Schneiders Untersuchungen auf der Grundlage von Lehensbüchern und Wappenrollen, Aufgebots- und Steuerlisten sowie Landungs- und Anwesenheitslisten von Turnieren und Landtagen, erbringen einen reichen Ertrag für die Sozialgeschichte des Niederadels und seine Verortung im spätmittelalterlichen deutschen Reich. Sie reichen von der Erstellung des sozialen Profils des Niederadels auf lokaler Ebene - zum Beispiel für die Ämter Dresden, Leisnig, Rochlitz, Schellenberg in Sachsen oder für die bayerischen Gerichte Abling, Erding Pfaffenhofen - bis zu Beobachtungen zur sozialen Fluktuation zwischen Adel und Nichtadel. Dabei fallen erhebliche Unterschiede in den drei Landschaften auf. In Franken erscheinen praktisch keine neuen Familien im Adel, in Kursachsen etwa ein Viertel (circa 25%) sowie in Niederbayern-Landshut und Oberbayern-München zwischen 30% und 50% (542). Für die Quoten war ausschlaggebend, ob es möglich war, Adelsgut zu erwerben und ob der Zuzug geduldet beziehungsweise gefördert wurde. Die Tendenz in Sachsen wie in Franken lief in Richtung auf einen größeren Landesadel, der die Kleinadelsfamilien verdrängte. In Bayern blieb dagegen der Kleinadel ein ernst zu nehmender Konkurrent für den Turnieradel.
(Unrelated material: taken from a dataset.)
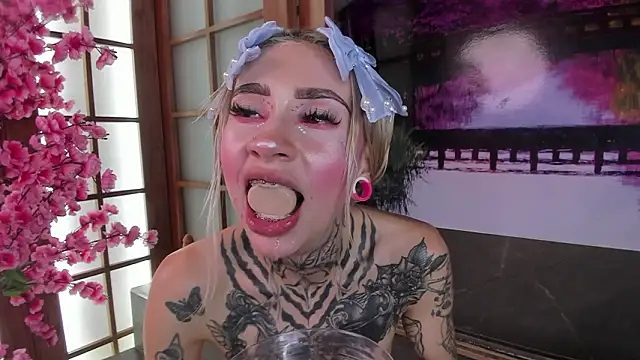 Онлайн чат XXX miss___angel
Im Hinblick auf die Ausbildung der fürstlichen Territorien macht Schneider die folgenden Beobachtungen (545/6). In Sachsen ist es den Wettinern gelungen, bis in die zweite Hälfte des 15. Jahrhunderts den Niederadel in ihr Dienstsystem einzubinden, während in Franken dem Niederadel der Übergang in die Reichsritterschaft gelang. Im Herrschaftsbereich der Herzöge von Bayern fehlte das Lehenswesen zur Organisation des Niederadels. Die Fürsten konnten dies durch den Rückgriff auf den Kleinadel kompensieren. Die Angehörigen dieser Gruppe arbeiteten mit den Fürsten zusammen auf die Territorialstaatsbildung hin.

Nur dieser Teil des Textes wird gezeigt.